Понимала, что «уходит», но сопротивляться не хотелось, уж очень приятно и нетрудно было, придя домой, включить телевизор и, забравшись на свое царское ложе, утонуть в перине и огромных пуховых подушках, угревшись, поесть прямо из кастрюли наскоро сваренной похлебки, грезить. Когда экран погасал, Тома закрывала глаза и терпеливо ждала прихода сна, не торопила этот приход, потому что со сладкой болью вспоминала, как совсем, в общем-то, недавно, двенадцать — пятнадцать лет назад, вместе с ней на этой широкой жаркой постели спала Светка, вспоминала нежный сухой запах худущей дочкиной спины, ее темноглазое лобастое лицо с детским капризным выражением бледного мягкого рта, — эта память мешалась с памятью о внучке, к которой Тома за полгода успела привыкнуть, но о дочери она скучала больше. Жалела, что долгая жизнь только усугубила тяжелое в отроду нелегком ее характере, что, конечно, с ней всегда было трудно, потому Светка с удовольствием поступила учиться в пединститут в Горький, чтобы выйти из-под материнской опеки, а после взяла направление в Архангельск, где северный климат давал право, заботясь о здоровье матери, не брать ее к себе. Правда, лет через десять Светлана позабыла материн вспыльчивый и обидчивый нрав и, жалея, начала звать ее, но Тома не решалась, хотя соседки и жильцы, с которыми она в покаянные минуты советовалась, рекомендовали продать оставшиеся комнаты и поехать. Однако сохраняющаяся несмотря на годы трезвость подсказывала Томе, что прежде надо попробовать, что получится.
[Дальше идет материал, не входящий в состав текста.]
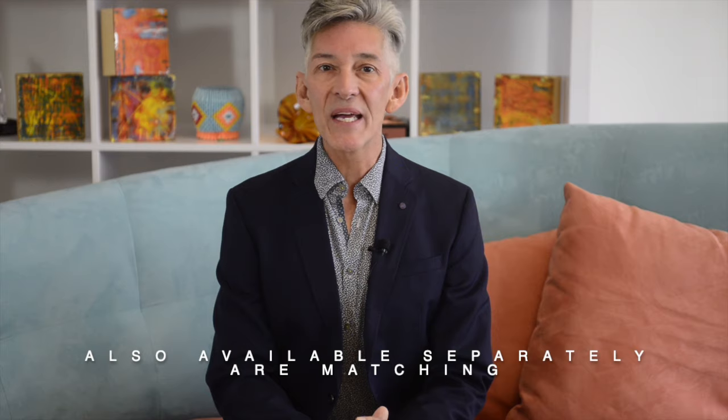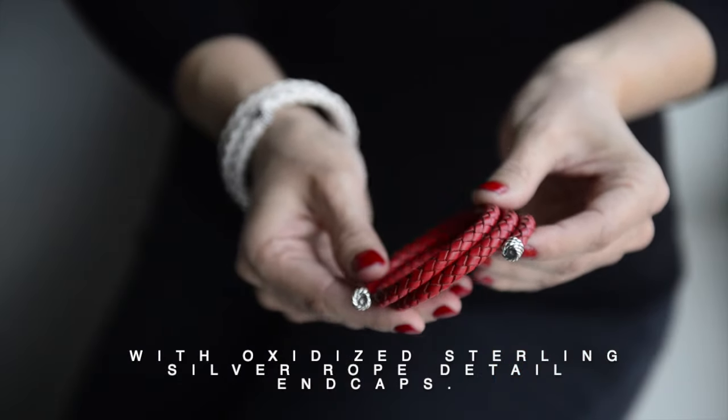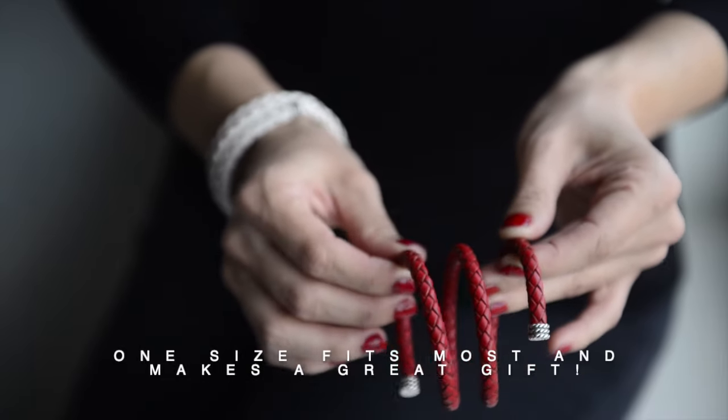Also available separately are matching leather coil wrap bracelets with oxidized sterling silver rope detail end caps. One size fits most and makes a great gift.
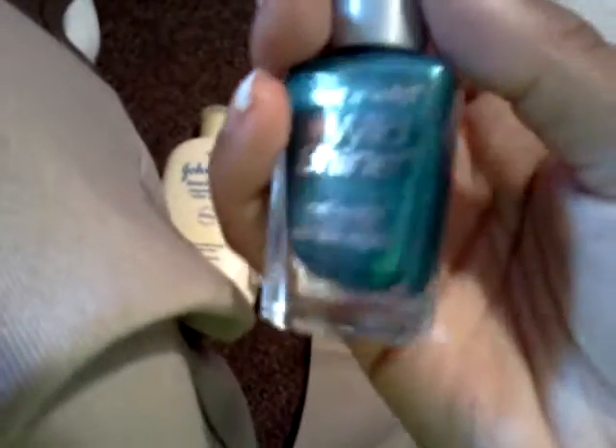Then I got a Wet n' Wild Wild Shine Nail Color Polish. It's like a greenish-blue color and the color is called Caribbean Frost. That was a pretty color.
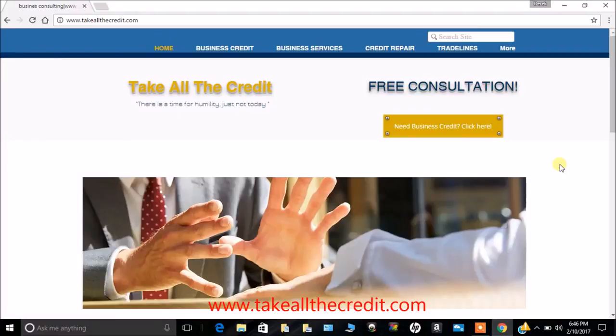This is Derek from Take All The Credit. I'm so excited to be with you all again today. I have another wonderful business service for you. I know it'll be a great benefit to you for a great price. As you know, I want to make some profit, but my main goal is to empower and inspire you.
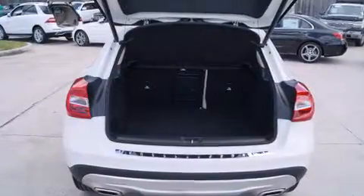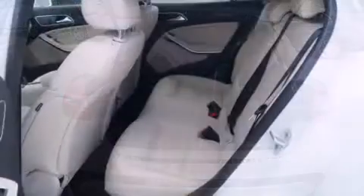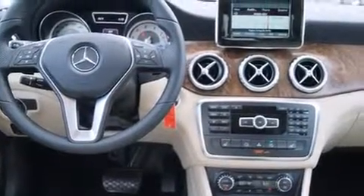A power rear cargo door, rain-sensing wipers, a roof rack, and seat memory are also included. Premium sound drives 12 speakers, providing you and your passengers a sensational audio experience.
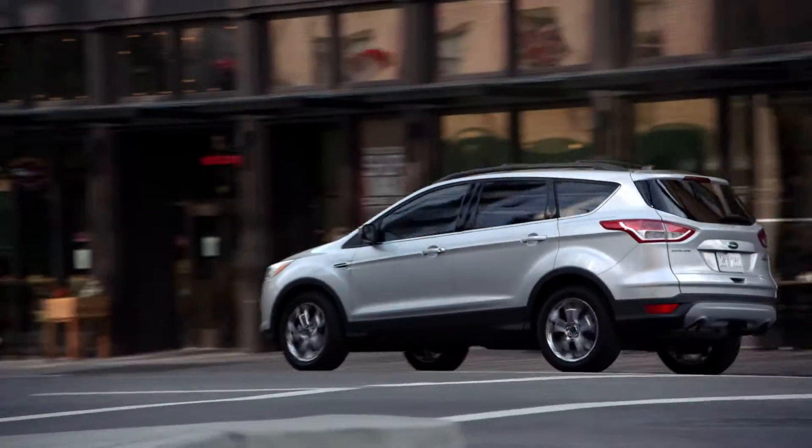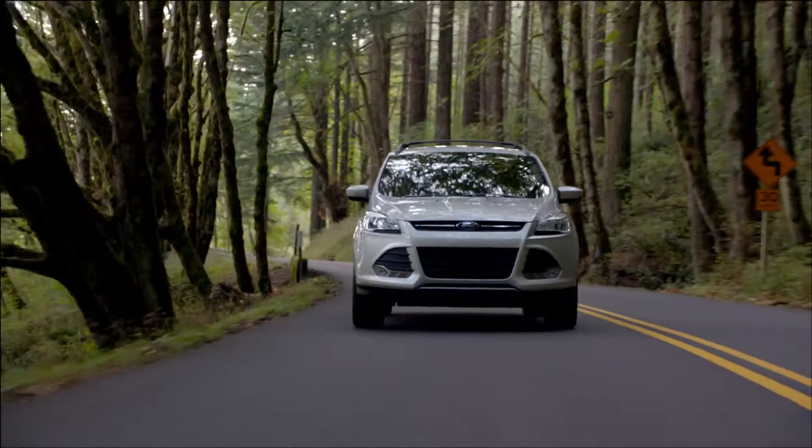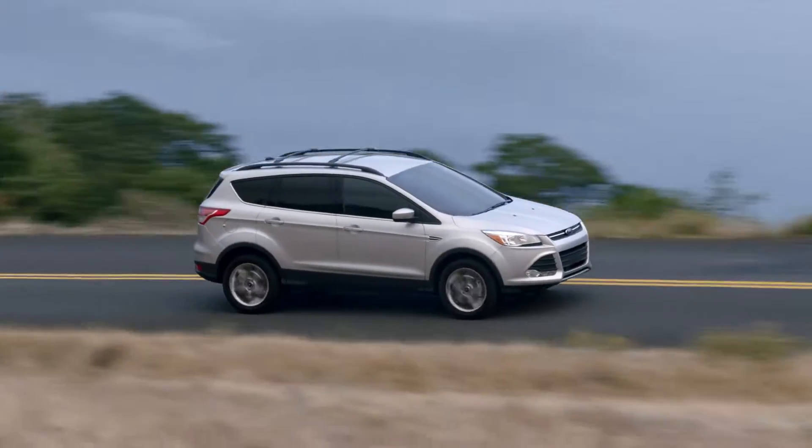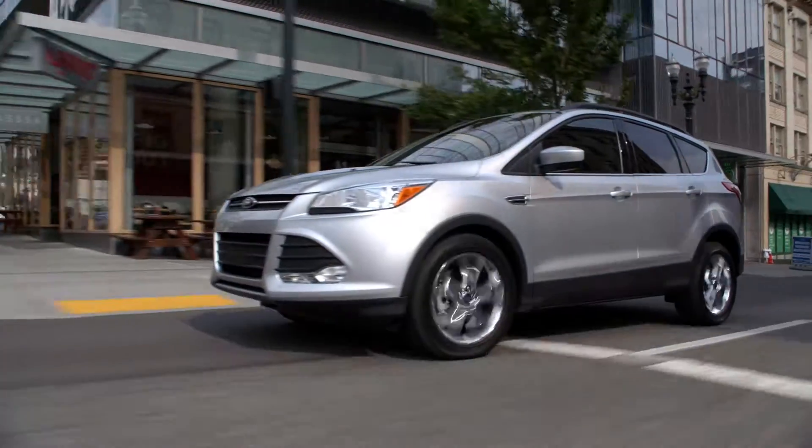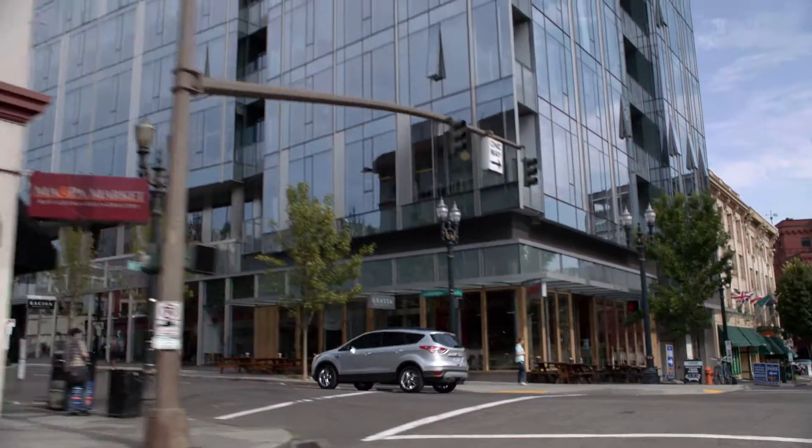With features like the hands-free, foot-activated liftgate, four-wheel drive, dynamic body design, and available Park Assist technology, the 2015 Ford Escape will help you elevate your style and sophistication.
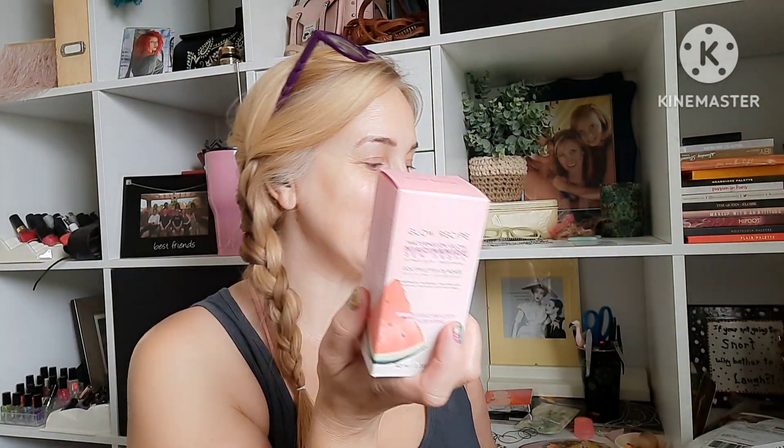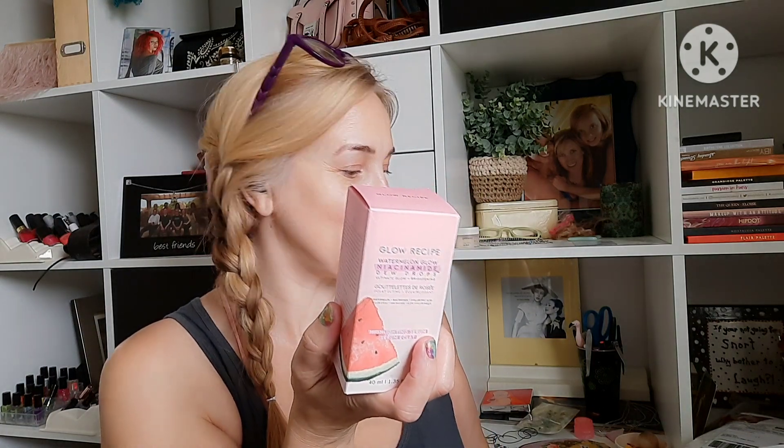The first thing is the Glow Recipe Watermelon Glow Niacinamide Dew Drops. This is a $35 value for this full size, which is 40 milliliters. I've had this one other time and I really liked it, but I just never bought it again because I have other serums that I'm using. I like using this almost like a primer or as a last step in my beauty routine right before putting on makeup, or on no-makeup days.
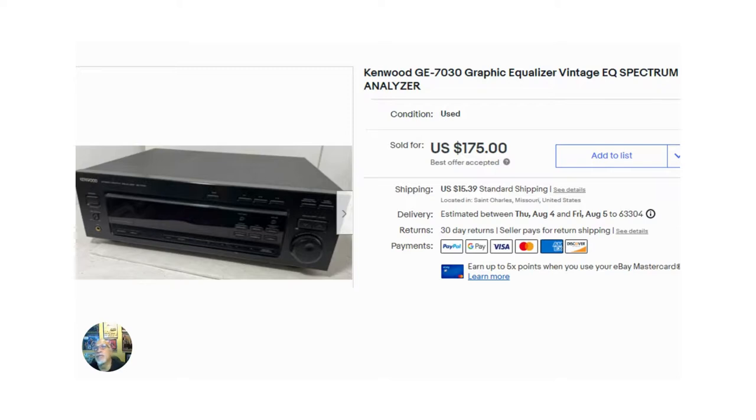The number one item I sold in July was this Kenwood GE 7030 equalizer. I had it listed for a day, paid $15 for it at a garage sale, and it sold for $175 — pretty good turnaround. Vintage electronics are really good sellers. I know they're kind of a pain to pack and ship, and you need to test them, but I've made a lot of money on electronics. It's definitely something you shouldn't sleep on. Having a nice setup where you can immediately come in, set something up, and do the testing makes it so much easier.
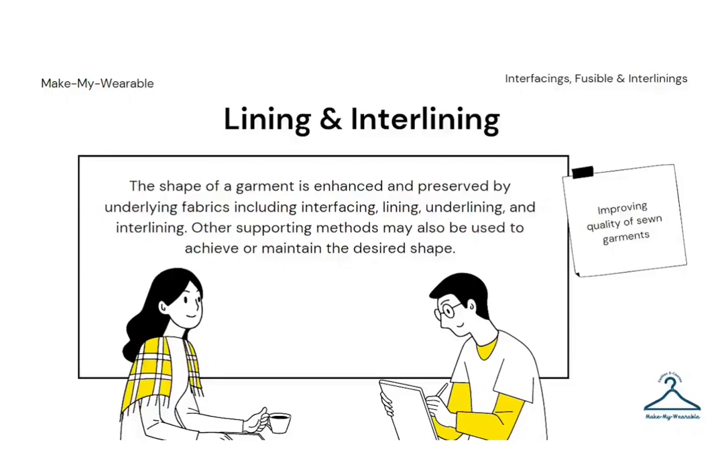Welcome to this online lesson on linings and interlinings. These come under the category of trims and accessories. The shape of the garment is enhanced and preserved by these underlying fabrics, which include interfacings, linings, underlinings, and interlinings.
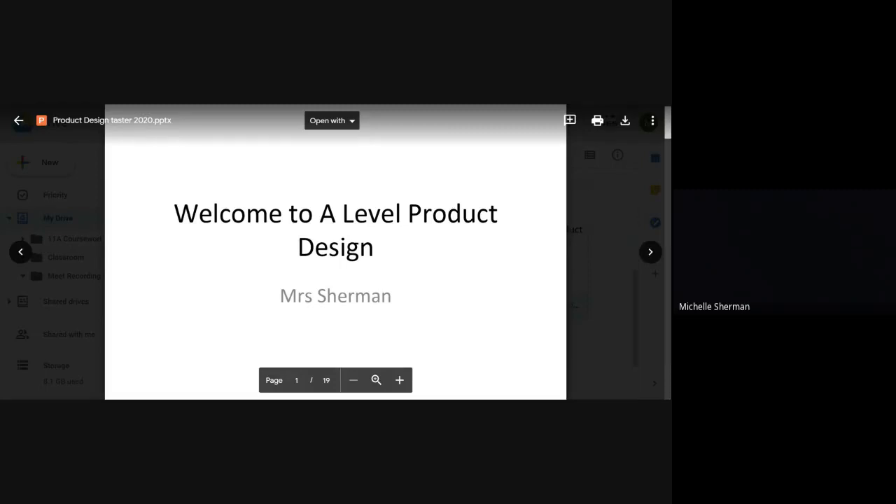Hello everybody, welcome to A Level Project Design. I'm going to go through the two-year course with you.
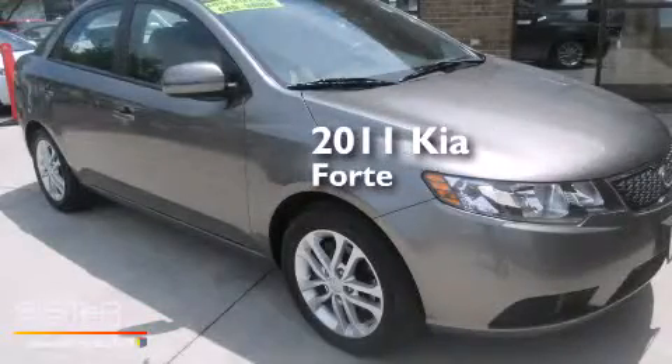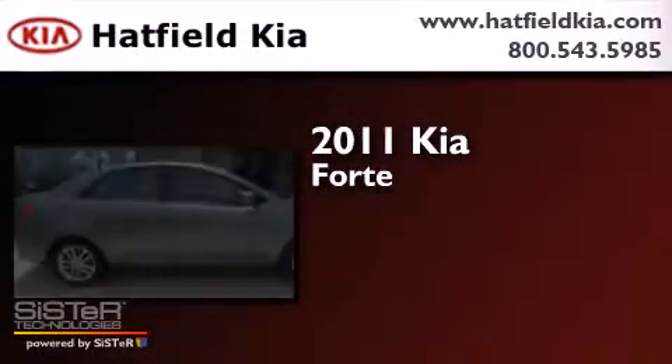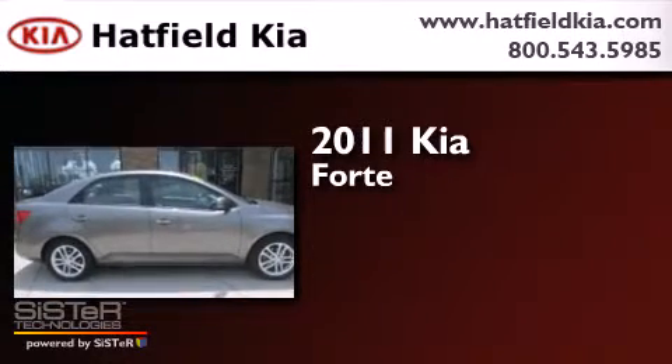This is a 2011 Kia Forte. It has a 2.0-liter four-cylinder engine and an automatic transmission.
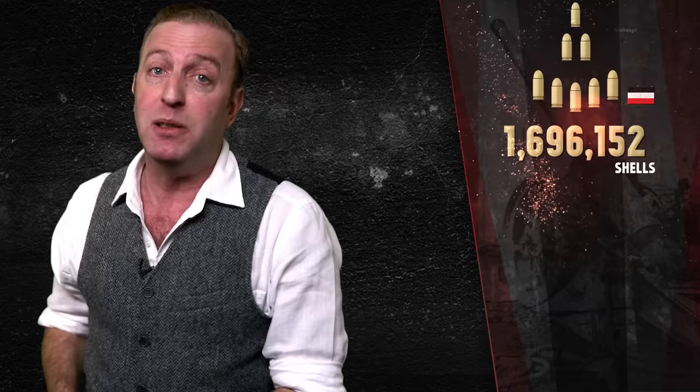The Battle of Verdun, however, has become famous — or infamous — for the heavy use of artillery. The German plan was to shell the French into oblivion, and to prepare for that, the German army amassed enough ammunition to fire two million shells from 1,200 guns in only six days, and a further two million shells in the ensuing 12 days.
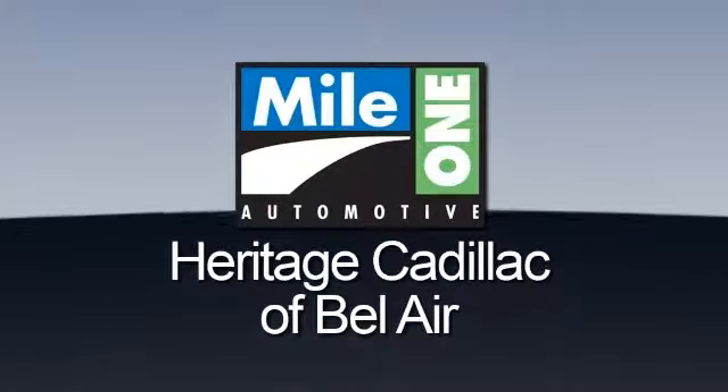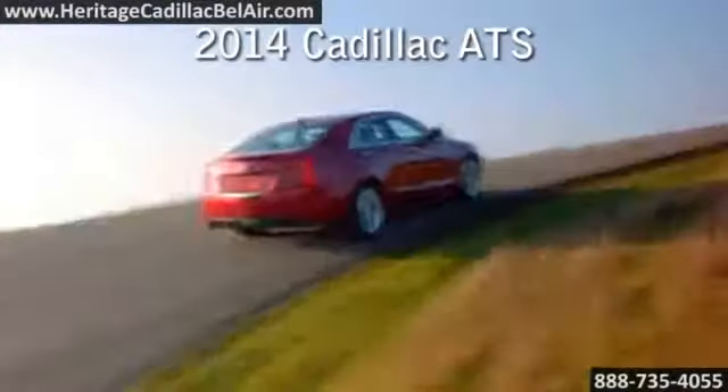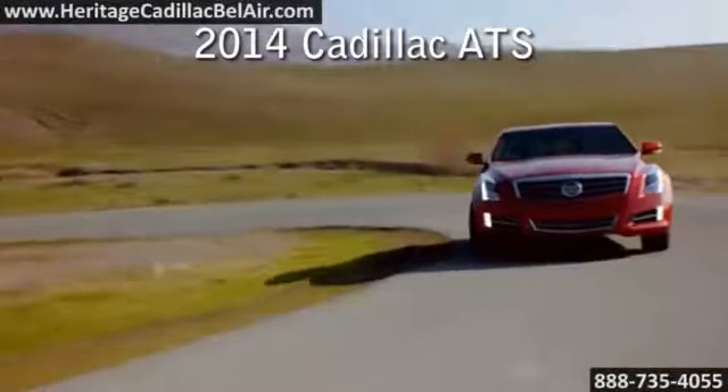Mile One Heritage Cadillac of Bel Air. Here's the vehicle for you — the 2014 Cadillac ATS.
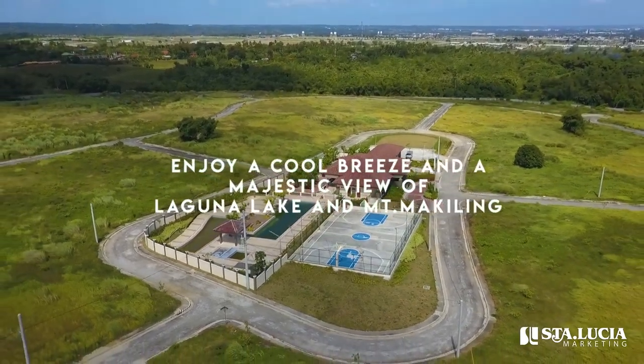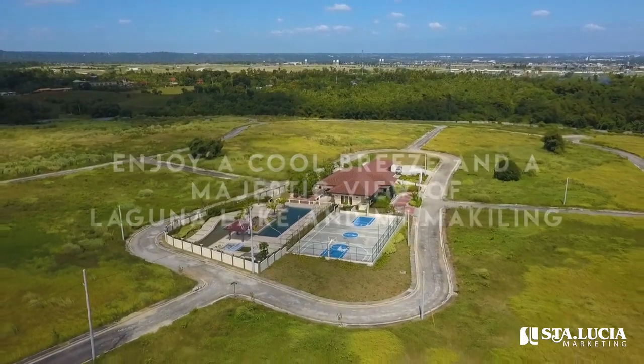See you at La Huerta, where you can enjoy a cool breeze and a majestic view of Laguna Lake and Mount Makiling.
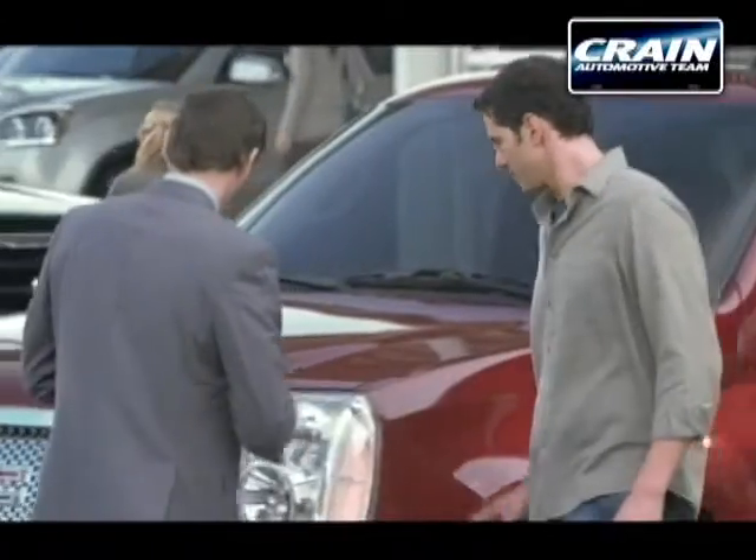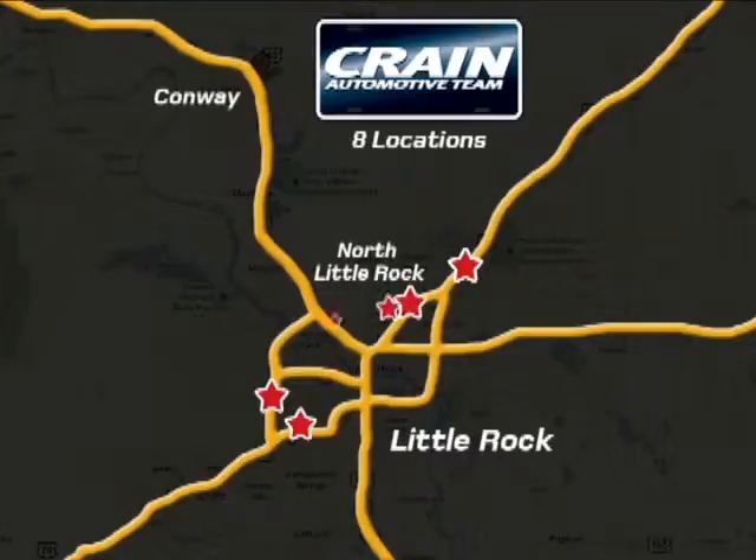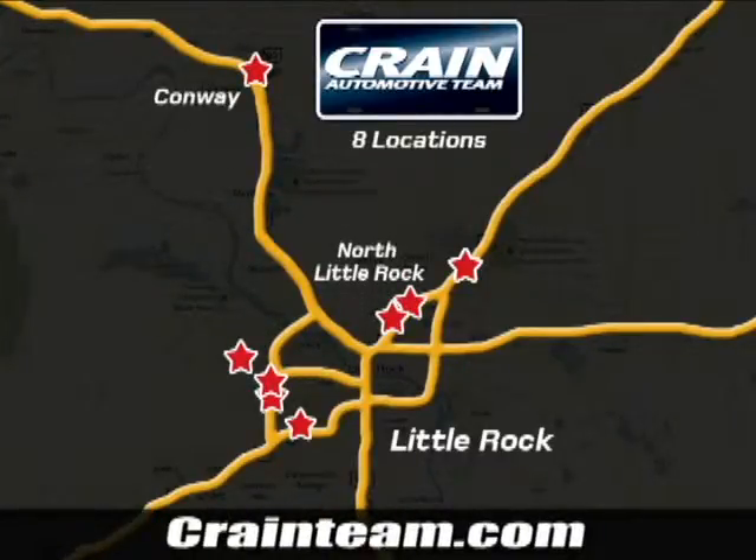Feel tough in this Silverado. Visit us anytime at Craneteam.com. Go, go, go — the Craneteam's got them! Craneteam.com.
Не получилось ничего хорошего. Тома обижалась на то, как с ней разговаривает возвратившийся из плавания, любящий выпить и пошуметь зять; что внучка все время норовит ускользнуть от нее на улицу, — жаловалась Светке, требуя внимания и уважения к себе. Светка успокаивала ее, потом, раздражившись, начинала доказывать, что все дело в Томином невыносимом характере, Тома плакала от обиды, уходила, чтобы дочь не видела судорожных гримас: когда она плакала, лицо у ней по-детски собиралось в кулачок. Светка быстро остывала, начинала утешать ее, плакала сама от жалости к матери, к себе, но это была не жизнь.
Сон приходил все позже и позже, иногда почти под утро, Тома уже мучилась бессонницей, даже включала свет и пыталась читать, но не сосредоточивалась никак и потом болели глаза. Тогда она пошла в библиотеку и набрала детективов, думая, что занимательный сюжет отвлечет ее от грустных мыслей. Несколько дней, пока все не прочла, Тома почти не вставала с постели, ела наспех, не отрывая глаз от книги, а заснуть ей теперь не удавалось до света, потому что, лежа в темноте, она невольно слушала, не скрипит ли разрезаемое недобрым человеком стекло в окне, не распахивается ли дверь, отпертая хитроумным способом. Скрипели половицы — и Тома, чувствуя, как отливает от сердца кровь, поднимала голову, вглядывалась в темноту, потом, решившись, выскальзывала из-под одеяла, быстро зажигала свет в обеих комнатках, проверяла засовы и запоры, заглядывала в шкафы и под мебель. После вставать перестала, просто слушала, холодея от страха, похрустывание сухих половиц под чьими-то шагами, держалась за край постели, чтобы не упасть, потому что кровать вдруг приподнималась и, покачиваясь, плыла в пространстве.